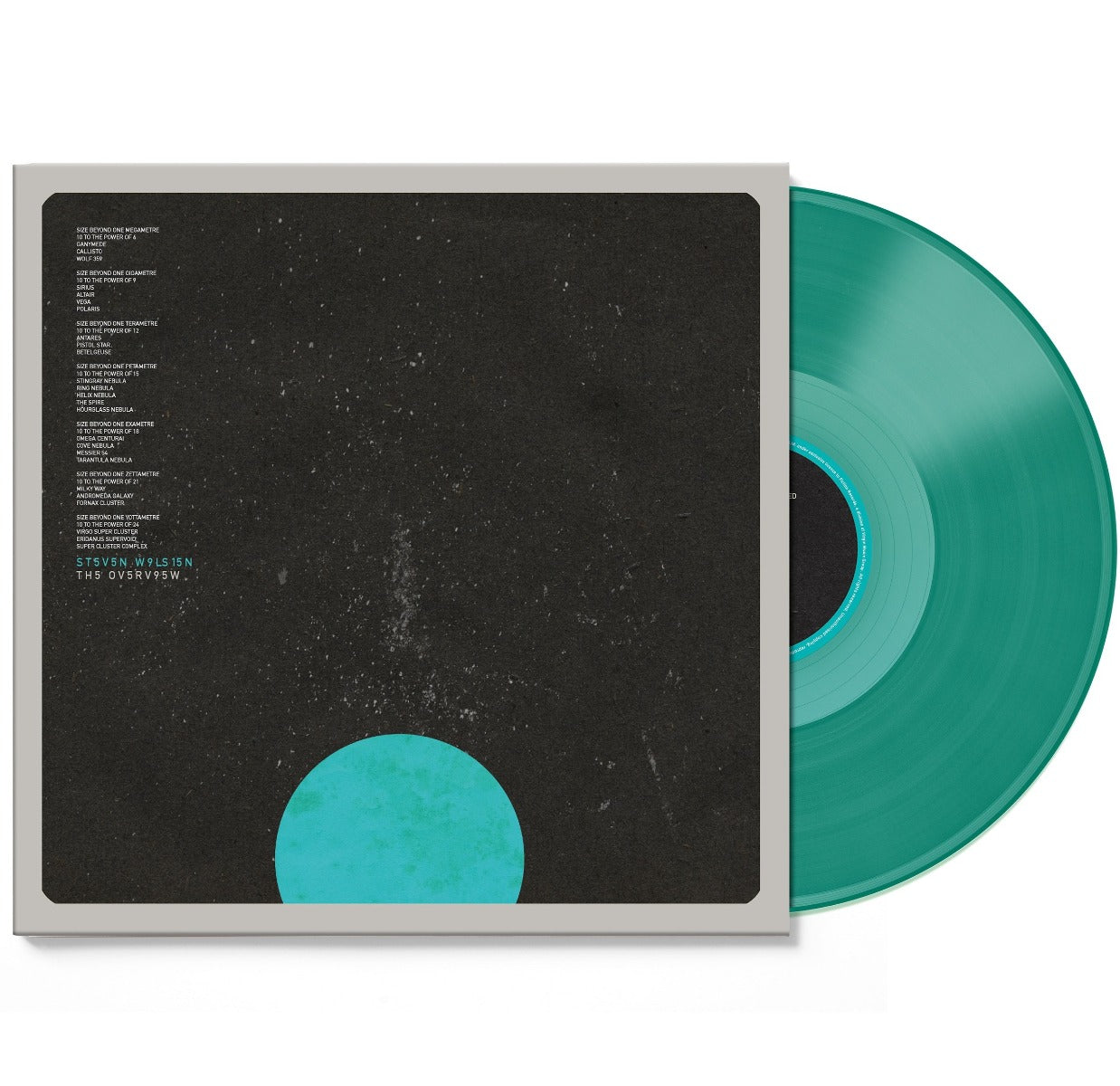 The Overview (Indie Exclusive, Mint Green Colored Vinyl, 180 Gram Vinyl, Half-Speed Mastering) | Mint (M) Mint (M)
========================================================================
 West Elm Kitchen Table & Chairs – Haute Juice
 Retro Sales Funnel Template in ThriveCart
========================================================================
* Activity
Given the data above, transcribe exactly the lines from the one containing "West Elm Kitchen" down to the one containing "Retro Sales Funnel Template in ThriveCart", and no others.

* Expected answer
 West Elm Kitchen Table & Chairs – Haute Juice
 Retro Sales Funnel Template in ThriveCart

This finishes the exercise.